ABOUT THIS EXERCISE>
Below are some records. Print exactly the lines between the one holding "heuchera con hosta" and the one holding "Mold Inspection NJ", inclusive, and nothing else.

[Source data]
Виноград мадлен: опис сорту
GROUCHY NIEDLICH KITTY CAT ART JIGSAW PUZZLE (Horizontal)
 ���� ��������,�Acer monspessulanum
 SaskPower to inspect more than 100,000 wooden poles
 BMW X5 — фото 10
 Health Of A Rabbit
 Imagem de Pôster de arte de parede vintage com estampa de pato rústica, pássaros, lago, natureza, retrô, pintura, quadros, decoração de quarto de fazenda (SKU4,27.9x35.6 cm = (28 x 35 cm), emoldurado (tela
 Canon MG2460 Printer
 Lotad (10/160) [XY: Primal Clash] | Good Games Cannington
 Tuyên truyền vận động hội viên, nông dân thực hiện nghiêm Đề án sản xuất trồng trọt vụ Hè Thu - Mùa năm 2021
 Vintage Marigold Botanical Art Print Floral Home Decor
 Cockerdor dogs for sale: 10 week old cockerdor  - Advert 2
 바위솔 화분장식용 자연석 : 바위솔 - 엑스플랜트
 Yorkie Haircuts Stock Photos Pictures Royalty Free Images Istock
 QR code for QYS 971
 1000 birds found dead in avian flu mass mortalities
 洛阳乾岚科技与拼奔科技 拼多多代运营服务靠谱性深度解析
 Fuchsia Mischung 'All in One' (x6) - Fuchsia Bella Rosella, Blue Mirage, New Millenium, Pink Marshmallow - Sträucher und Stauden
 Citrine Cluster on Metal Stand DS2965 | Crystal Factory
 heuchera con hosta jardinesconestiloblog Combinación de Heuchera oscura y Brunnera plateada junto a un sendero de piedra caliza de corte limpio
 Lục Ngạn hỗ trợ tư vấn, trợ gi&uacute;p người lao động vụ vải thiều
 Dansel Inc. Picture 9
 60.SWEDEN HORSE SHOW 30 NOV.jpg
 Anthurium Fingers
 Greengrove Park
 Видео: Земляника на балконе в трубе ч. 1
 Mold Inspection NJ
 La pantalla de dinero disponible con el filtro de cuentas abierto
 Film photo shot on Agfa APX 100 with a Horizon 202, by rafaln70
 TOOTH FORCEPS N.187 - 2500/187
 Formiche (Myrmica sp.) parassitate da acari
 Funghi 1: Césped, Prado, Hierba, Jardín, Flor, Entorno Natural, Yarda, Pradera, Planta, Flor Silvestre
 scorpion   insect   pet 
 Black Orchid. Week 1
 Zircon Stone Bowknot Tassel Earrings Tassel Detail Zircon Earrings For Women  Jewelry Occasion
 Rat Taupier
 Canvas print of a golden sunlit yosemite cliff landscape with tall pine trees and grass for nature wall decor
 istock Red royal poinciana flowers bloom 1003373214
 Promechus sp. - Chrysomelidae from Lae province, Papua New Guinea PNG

TASK OUTPUT>
 heuchera con hosta jardinesconestiloblog Combinación de Heuchera oscura y Brunnera plateada junto a un sendero de piedra caliza de corte limpio
 Lục Ngạn hỗ trợ tư vấn, trợ gi&uacute;p người lao động vụ vải thiều
 Dansel Inc. Picture 9
 60.SWEDEN HORSE SHOW 30 NOV.jpg
 Anthurium Fingers
 Greengrove Park
 Видео: Земляника на балконе в трубе ч. 1
 Mold Inspection NJ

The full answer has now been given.